Leave it to the New York Times, the undisputed king of journalistic hyperbole, to come up with the gem that forms the title of this post.
It wasn’t that recently that the Times made this bold observation. It was in October 2008 — a presidential year — and the sentence led off with its endorsement of a candidate for that cycle.
Here’s where the Times editorial board went after that shaky opening:
[T]his year the nation’s future truly hangs in the balance.
The United States is battered and drifting after eight years of President Bush’s failed leadership. He is saddling his successor with two wars, a scarred global image and a government systematically stripped of its ability to protect and help its citizens — whether they are fleeing a hurricane’s floodwaters, searching for affordable health care or struggling to hold on to their homes, jobs, savings and pensions in the midst of a financial crisis that was foretold and preventable.

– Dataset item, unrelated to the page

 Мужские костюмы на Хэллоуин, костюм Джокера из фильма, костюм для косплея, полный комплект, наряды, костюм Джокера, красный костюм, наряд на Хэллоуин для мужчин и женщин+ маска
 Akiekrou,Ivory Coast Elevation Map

As tough as the times are, the selection of a new president is easy. After nearly two years of a grueling and ugly campaign, Senator Barack Obama of Illinois has proved that he is the right choice to be the 44th president of the United States.
Mr. Obama has met challenge after challenge, growing as a leader and putting real flesh on his early promises of hope and change. He has shown a cool head and sound judgment. We believe he has the will and the ability to forge the broad political consensus that is essential to finding solutions to this nation’s problems.
Naturally, little about the Times’s assessment of Obama has changed since then, despite his abysmal record as leader of a nation and its military’s commander-in-chief. His “achievements” include having racked up more debt than all previous presidents combined, overseen the most anemic recovery in history, and ushered in an era of racial animus not seen since the days of Jim Crow.
As for the two wars Obama was saddled with once he took the reigns of office, his three former defense secretaries have spoken out publicly and unflatteringly, noting in particular his “operational micromanagement” and “his “cautiousness and overcorrection, which makes it appear that the United States is hesitant to take action.”
Robert Gates, a holdover from the Bush administration, said in a Fox News interview last night:
[I] told the combatant commanders … if you get calls from the White House staff, you get a call from the president, that’s one thing. That’s totally okay. That’s the chain of command. But you get a call from one — some White House or National Security Council staffer, you tell them to call me instead, and then tell them, oh by the way, go to hell. And that’s directly from the Secretary of Defense.
Back to the quote of the day. It came to mind after I read the Times’s endorsement for the 2016 election, which is occurring at a time when, to paraphrase the Times, the nation’s future hangs in the balance far more than it did in 2008.
The article includes this knockout:
Voters have the chance to choose one of the most broadly and deeply qualified presidential candidates in modern history.
You can probably guess which Democrat they are referring to this time.